Reproduce each line, exactly, from the one containing "Mongoose Legion L20" through the end of the material. Exclude pictures.

● DATA BLOCK:
----------------------------------------
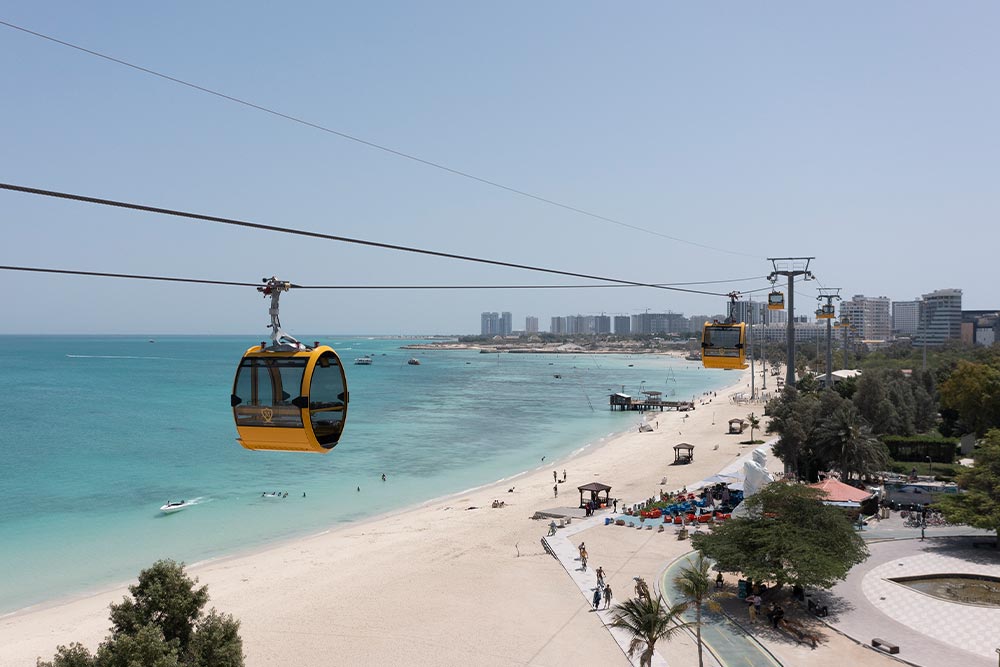 تله کابین میکامال کیش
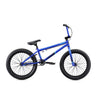 Mongoose Legion L20 Freestyle BMX Bike, 20 - in Wheel, Ages 8 and up, Blue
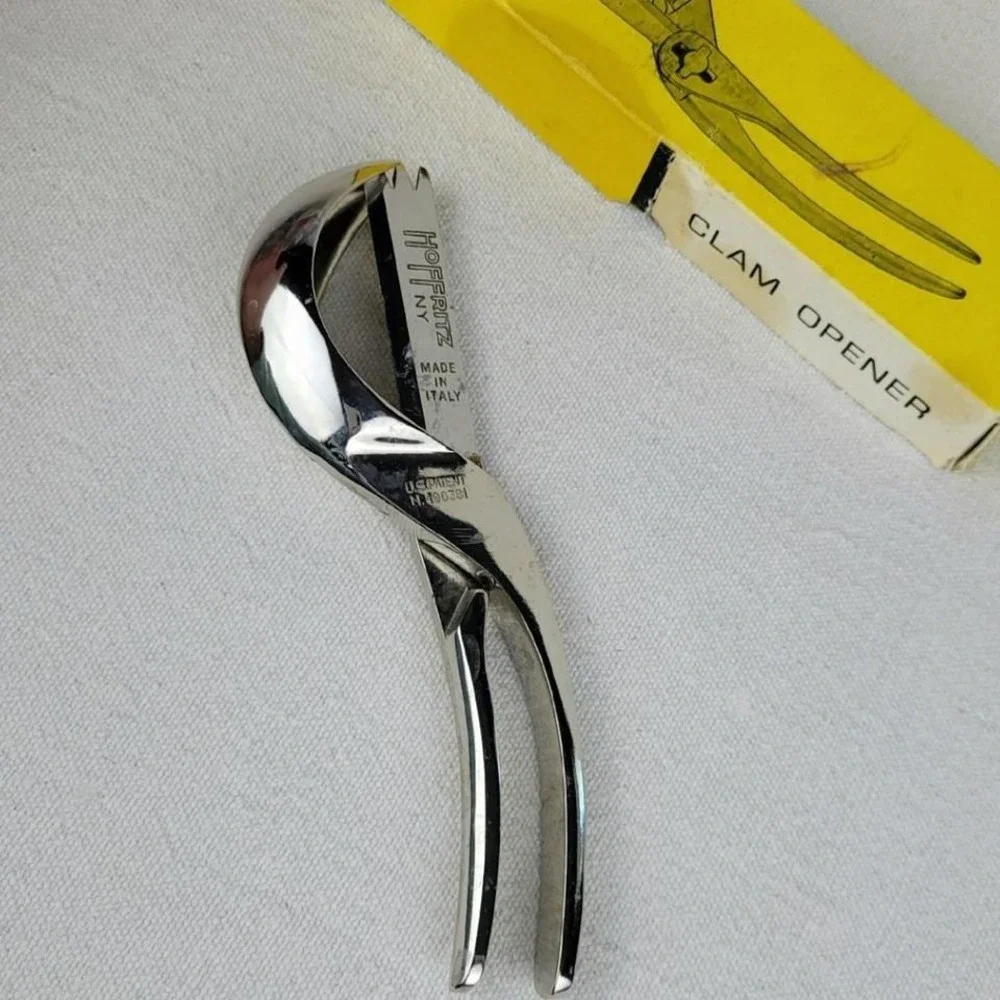 Vintage Hoffritz Melo Clam Opener‎ in original box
----------------------------------------
● SOLUTION BELOW:
 Mongoose Legion L20 Freestyle BMX Bike, 20 - in Wheel, Ages 8 and up, Blue
 Vintage Hoffritz Melo Clam Opener‎ in original box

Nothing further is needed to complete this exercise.